- DVD cover
- Directed by: James Hill
- Written by: Sidney Cole; Arnold Wesker;
- Based on: The Kitchen (play) by Arnold Wesker
- Produced by: Sidney Cole
- Starring: Carl Möhner; Mary Yeomans; Brian Phelan; Tom Bell; Eric Pohlmann;
- Music by: David Lee
- Production company: Eyeline Productions
- Distributed by: British Lion Films
- Release date: August 1961;
- Running time: 76 minutes
- Country: United Kingdom
- Language: English
- Budget: £27,246

= The Kitchen (1961 film) =

British drama by James Hill

The Kitchen is a 1961 British drama film directed by James Hill and starring Carl Möhner, Mary Yeomans, Brian Phelan, Tom Bell, Eric Pohlmann and James Bolam. The script was by Sidney Cole and Arnold Wesker, based on the 1957 stage play of the same name by Wesker. It was produced by Cole for Act Films Ltd. The film follows the dozen staff in a restaurant's kitchen during the course of one busy morning.

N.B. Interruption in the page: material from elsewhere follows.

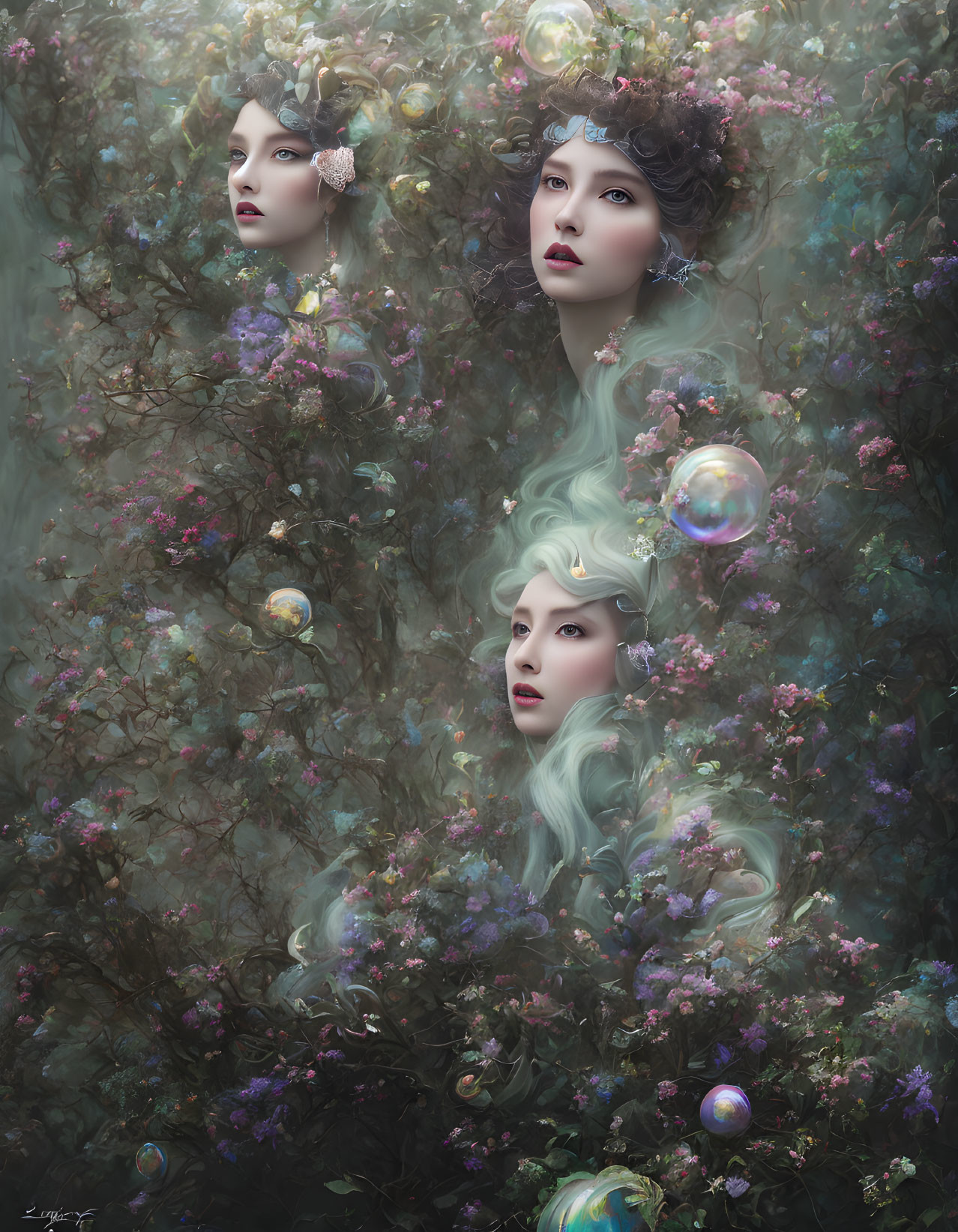 Ethereal female faces in mystical floral background with soft hues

It features a musical interlude when all the staff dance to the song "What's Cookin'" by Adam Faith.

== Plot ==
There is no traditional plot. The film looks at the various relationships between different staff members, a large part having immigrated from Continental Europe. The kitchen staff is almost exclusively male and the waiting staff is exclusively female. The presence of one new member of staff allows each person to be introduced in turn. The owner wanders around checking things. The story looks at the workplace stress, unhealthy environment, bickering between staff, petty thievery, and rather excessive drinking of more than one staff member.

==Cast==

- Carl Möhner as Peter
- Mary Yeomans as Monica
- Brian Phelan as Kevin
- Tom Bell as Paul
- Howard Greene as Raymond
- Eric Pohlmann as Mr Marango the owner
- James Bolam as Michael
- Scott Finch as Hans
- Gertan Klauber as Gaston
- Martin Boddey as Max
- Sean Lynch as Dimitri
- Josef Behrmann as Magi
- George Eugeniou as Nick
- Frank Pettitt as Frank
- Charles Lloyd-Pack as chef
- Frank Atkinson as Alfred
- Rosalind Knight as waitress
- Claire Nielson as waitress (credited as Claire Isbister)

== Reception ==
The Monthly Film Bulletin wrote: "Arnold Wesker's kitchen is the world in microcosm ... It is, of course, a fine playwright's symbol; but the audience might have been left to work it out for themselves, rather than having it thrown at them repeatedly and explicitly. This nervous over-emphasis becomes the film's main characteristic, partly because James Hill, directing his first feature, underlines every point already made verbally. The effect on stage is presumably of work and talk co-existing. But the more obvious realism of the screen splits up these two elements in the play; the dialogue is switched off, as it were, for the lunch-time rush sequence, all close-ups, nervous cutting, and images of hissing, bubbling, unappetising food. The sequence in which the cooks are persuaded to dream, to step outside their world, becomes not poetic but naive – again, we are brought too close to it but not taken into it. Some of the performances (Tom Bell, Brian Phelan, Sean Lynch, Frank Atkinson) have the right authenticity; some, such as Mary Yeomans', are badly under-directed. Altogether this brave A.C.T. Films venture, made with N.F.F.C. backing on a second-feature budget, has overreached itself. The play needs precision treatment, and here everything crude and naive in its writing is made to stand out."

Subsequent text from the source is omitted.